Por eso, para la mayoría de los inversores, la forma más sencilla de invertir
en estos mercados suele ser mediante fondos indexados o ETFs ampliamente
diversificados, en lugar de apostar por un único país.
En la
práctica, muchos inversores no intentan adivinar qué región será la más
rentable cada década. Prefieren invertir en un fondo global que se adapte
automáticamente a la evolución de los mercados y mantener su inversión durante
muchos años.
¿Cómo invertir en Europa, Japón y los mercados emergentes?
En la práctica, nadie sabe qué región ofrecerá la mayor rentabilidad durante
la próxima década. Por eso, muchos inversores prefieren no intentar adivinar
qué mercado será el ganador y optan por una estrategia basada en la
diversificación.
No es necesario comprar
acciones de cada país por separado. Para la
mayoría de los inversores, la forma más sencilla y diversificada de hacerlo es
mediante
fondos indexados o ETFs.
Existen fondos que replican índices específicos, como el
MSCI Europe, el MSCI Japan o el MSCI Emerging Markets,
permitiendo invertir en cientos de empresas de cada región con una sola
inversión.
Sin embargo, si no quieres decidir cuánto invertir en
cada región, también puedes optar por un único fondo global que ya incluya
Estados Unidos, Europa, Japón y los mercados emergentes. Índices como el
MSCI ACWI o el FTSE All-World ofrecen esa diversificación de
forma automática y actualizan automáticamente el peso de cada mercado conforme
cambia el valor de las empresas que forman parte del índice.
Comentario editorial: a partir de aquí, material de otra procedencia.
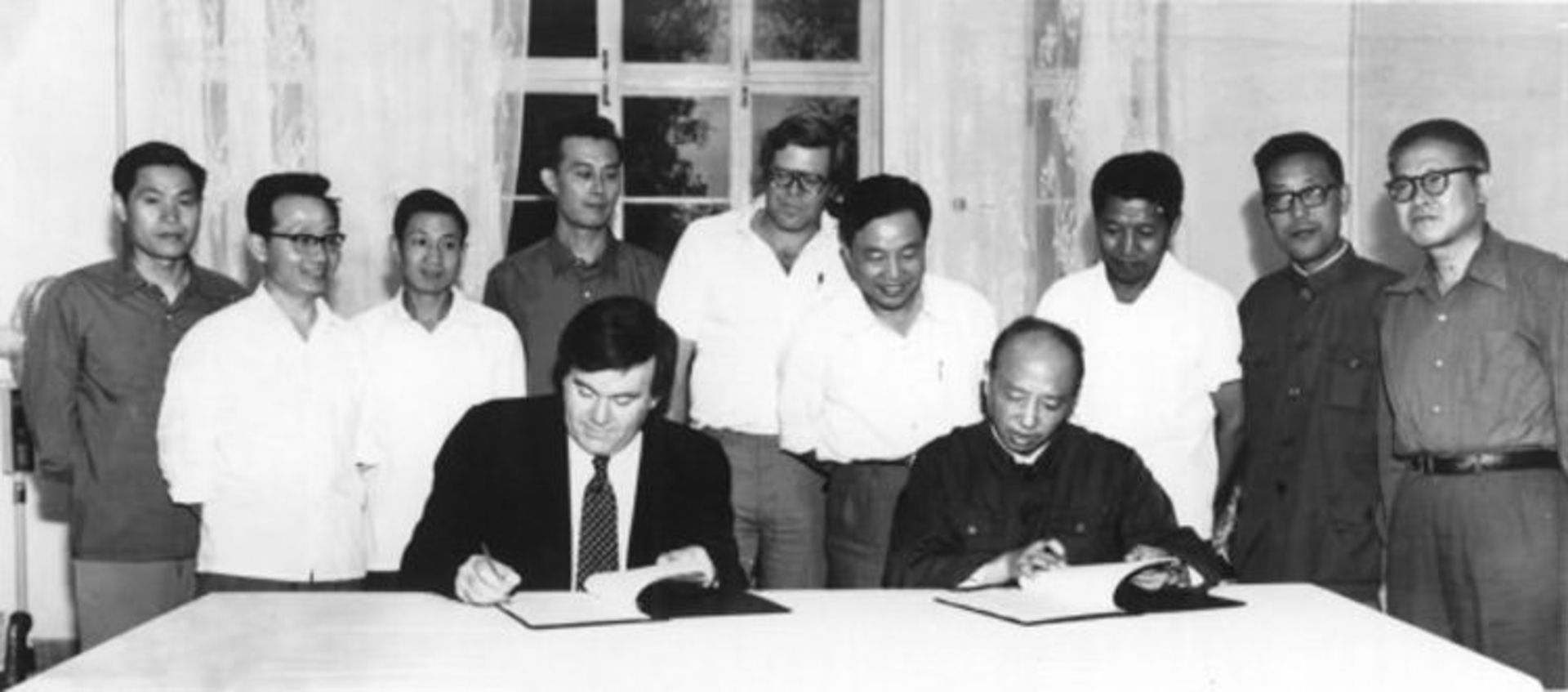 پاتریک مک گاورن / Patrick McGovern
Como Estados Unidos sigue siendo el mercado bursátil más grande del
mundo, actualmente representa alrededor del 60-65 % de estos índices
globales. Esto significa que una parte importante de tu inversión seguirá
estando en empresas estadounidenses, mientras que el resto se repartirá entre
Europa, Japón, los mercados emergentes y otras regiones. Así, no tendrás que
decidir manualmente qué porcentaje invertir en cada una de ellas.
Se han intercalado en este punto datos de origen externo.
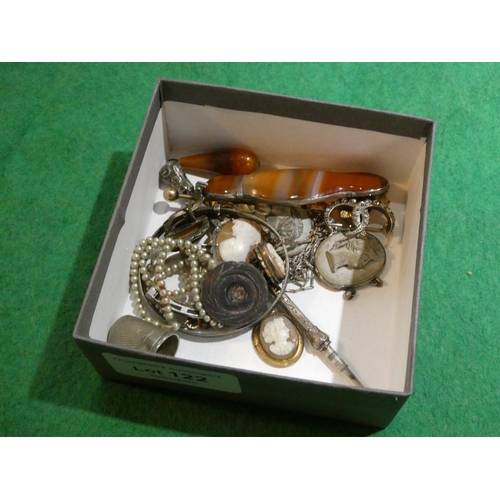 122 - Small box of antique jewellery etc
¿Qué haría si empezara a invertir hoy?
Si hoy tuviera que empezar desde cero, no intentaría adivinar si Europa va a
superar a Estados Unidos o si Japón tendrá una mejor década.
Preferiría
invertir en un fondo indexado global que ya incluye miles de empresas de todo
el mundo y dejar que la cartera se adapte automáticamente a la evolución de
los mercados.
De esta forma, si dentro de diez años el liderazgo
cambia de Estados Unidos a Europa, Japón o los mercados emergentes, mi
inversión también cambiará sin que tenga que hacer nada.
En mi
opinión, intentar adivinar qué región liderará la próxima década es mucho
menos importante que mantener una estrategia diversificada e invertir de forma
constante durante muchos años.
¿Significa esto que hay que vender Estados Unidos?
No necesariamente.
Estados Unidos sigue albergando algunas de las
empresas más innovadoras del mundo y continúa siendo una pieza fundamental
de muchas carteras de inversión.
La cuestión no es sustituir
Estados Unidos por Europa, Japón o los mercados emergentes, sino evitar
depender exclusivamente de un único mercado.
Nadie sabe qué
región ofrecerá la mayor rentabilidad durante la próxima década. Intentar
adivinarlo de forma consistente es extremadamente difícil, incluso para los
inversores profesionales.
Por eso, una cartera global bien
diversificada permite participar en el
crecimiento de distintas economías y reduce el riesgo de depender del
comportamiento de un solo país.
La historia demuestra que el
liderazgo de los mercados cambia con el tiempo. La diversificación no
consiste en adivinar quién será el próximo ganador, sino en estar preparado
para beneficiarte de él cuando aparezca.